(Beginning of GIVEN INFORMATION)

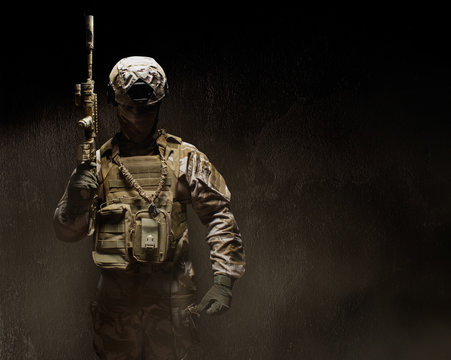 Soldier in desert uniform standing armed front view on dark background.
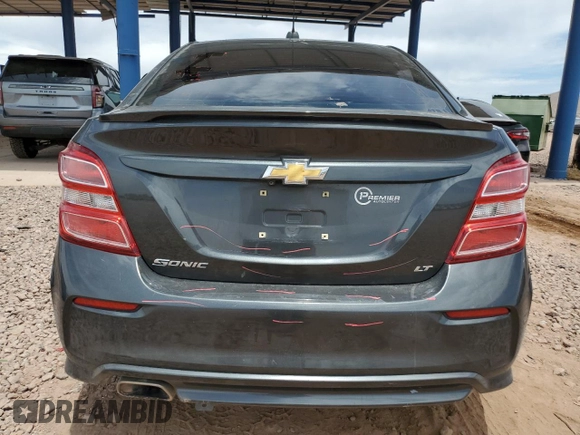 2017 Chevrolet Sonic LT with VIN 1G1JD5SG1H4103649, listed as a Copart auction lot 58536765 with 128,562 mi miles and Salvage title. Bid and sale history available at DreamBid. Image 6.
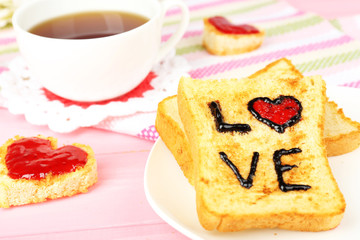 Delicious toast with jam and cup of tea on table close-up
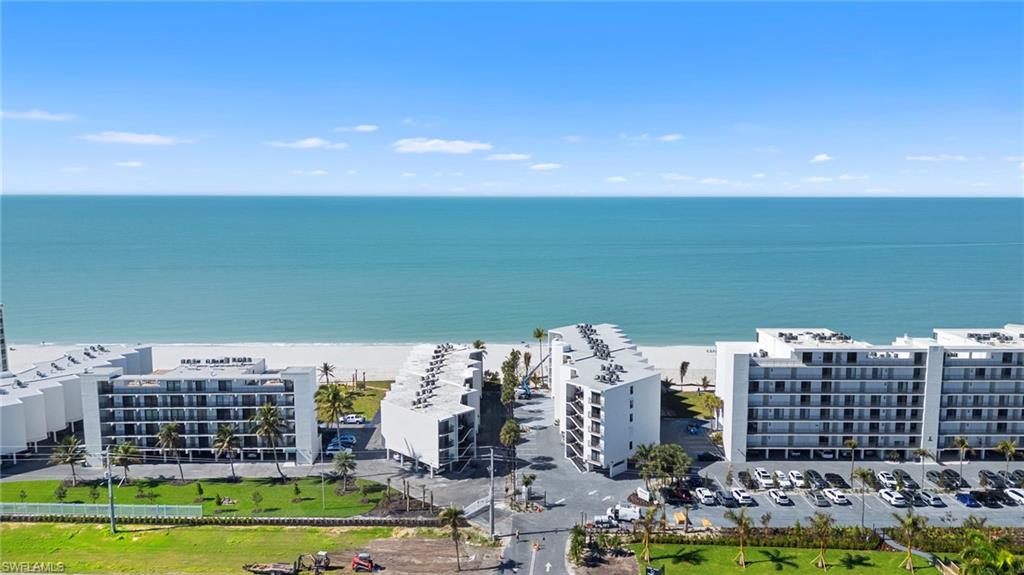 Drone / aerial view of apartment complex and expansive coastline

(End of GIVEN INFORMATION)

:: WORK ITEM ::
Print the full listing exactly, dropping the pictures.

:: PROBLEM SOLUTION ::
 Soldier in desert uniform standing armed front view on dark background.
 2017 Chevrolet Sonic LT with VIN 1G1JD5SG1H4103649, listed as a Copart auction lot 58536765 with 128,562 mi miles and Salvage title. Bid and sale history available at DreamBid. Image 6.
 Delicious toast with jam and cup of tea on table close-up
 Drone / aerial view of apartment complex and expansive coastline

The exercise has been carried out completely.